Mozambique’s first disaster was a cyclone. The second has been cholera. Now hunger could be the third.
The raging floodwaters that left a large part of central Mozambique a vast inland sea are draining away, laying bare a severe lack of food for the months ahead.
Low-lying rice fields in this fertile region were destroyed when rivers burst their banks. Maize crops on higher land were shredded. Their mangled stalks now wither under an almost constant sun. Exposed, the clay earth is cracking.
Cyclone Idai swept in from the Indian Ocean on March 10 shortly before thousands of subsistence farmers planned to bring in the harvest.
“People are hungry because there is no produce. Look at the fields,” teacher Lino Luciano Munere told The Associated Press in Bopira, a village reached by helicopter for just the third time with aid, nearly a month after the storm. West of the hard-hit town of Buzi, it remains cut off by road. “I don’t know what we did to deserve this,” he said.
A narrow window of time for farmers to put a shorter-term crop into the ground such as beans or green corn is quickly closing, with about two weeks left. Such a “second harvest” normally accounts for just 10 per cent of annual food production, the United Nations’ World Food Program said.

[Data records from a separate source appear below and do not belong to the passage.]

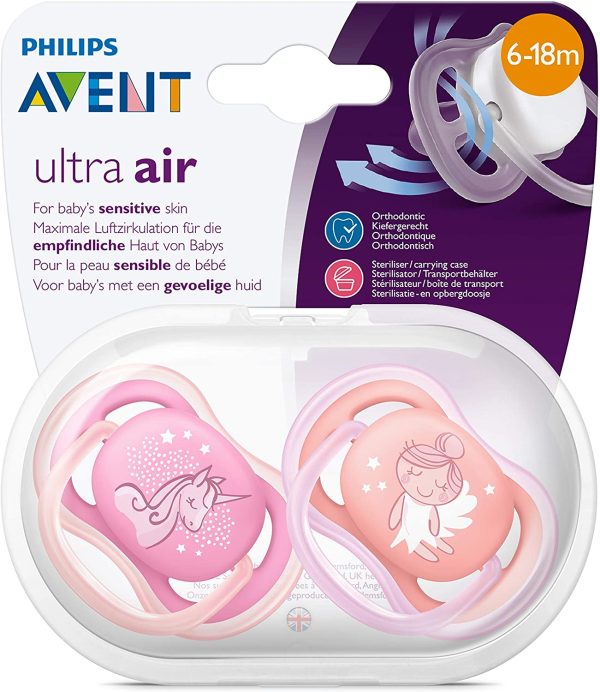 Philips Avent SCF345/22 Succhietti Ultra Air 6 - 18 m, Femmina, Fairy - immagine 2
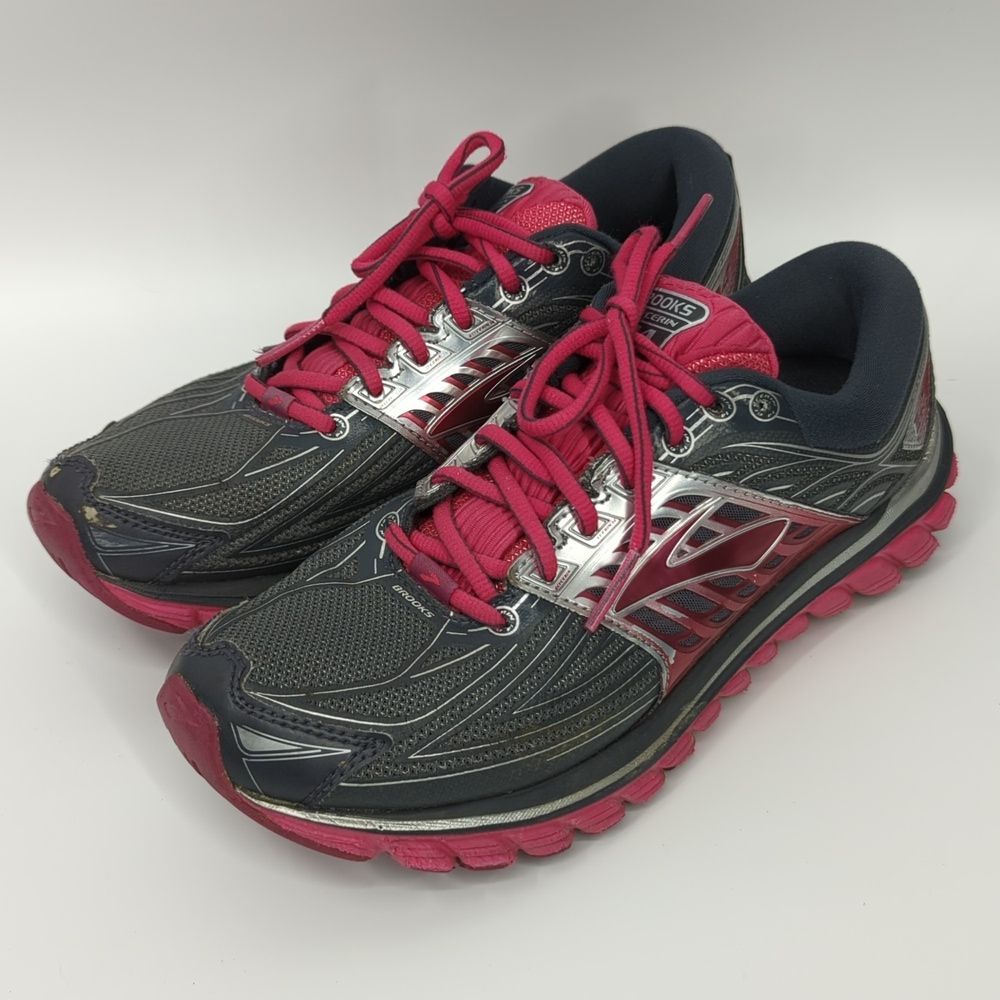 Brooks Women's Glycerin 14 Black, Pink, and Silver Running Shoes 8.5 Medium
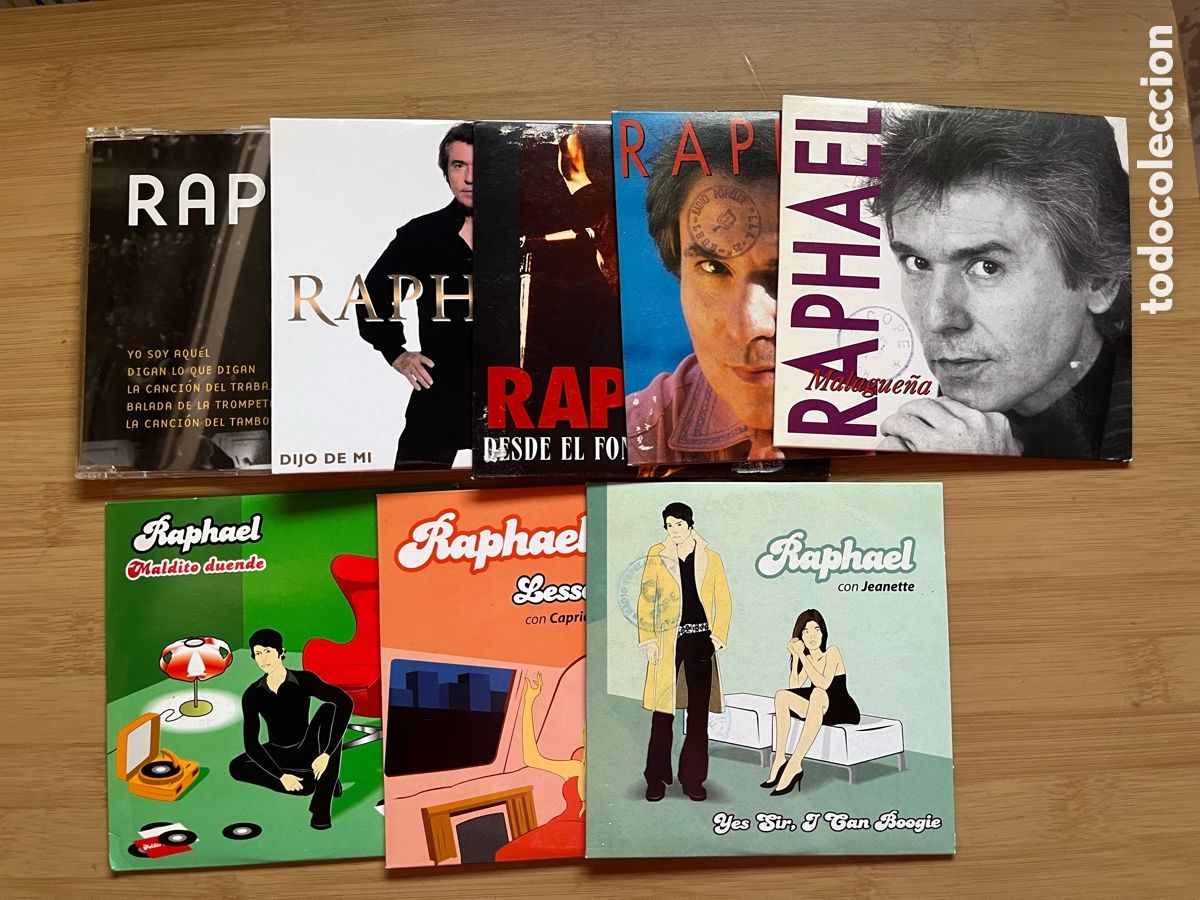 CDs de m&uacute;sica: RAPHAEL. Yo soy aquel. Desde el fondo de mi alma. Mi querida Espa&ntilde;a. Malague&ntilde;a........(8 cd single)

Farmers say they would be happy to plant if they had any seed, or hoes. Their very homes were often washed away by a storm that left curious traces: An intact thatched roof draped over a tree like a limp umbrella; a house collapsed but for the metal door, upright and still closed.
More than 715,000 hectares (1.7 million acres) of crop fields were flooded, according an update released Sunday by Mozambique’s disaster management agency.
No one speaks of famine as long as aid groups keep delivering basic food like flour and cooking oil to survive, but they warn of a lean season for months to come.
That season will start “atypically early in August” and continue into early 2020, the Famine Early Warning Systems Network said over the weekend, adding that local seed prices could rise.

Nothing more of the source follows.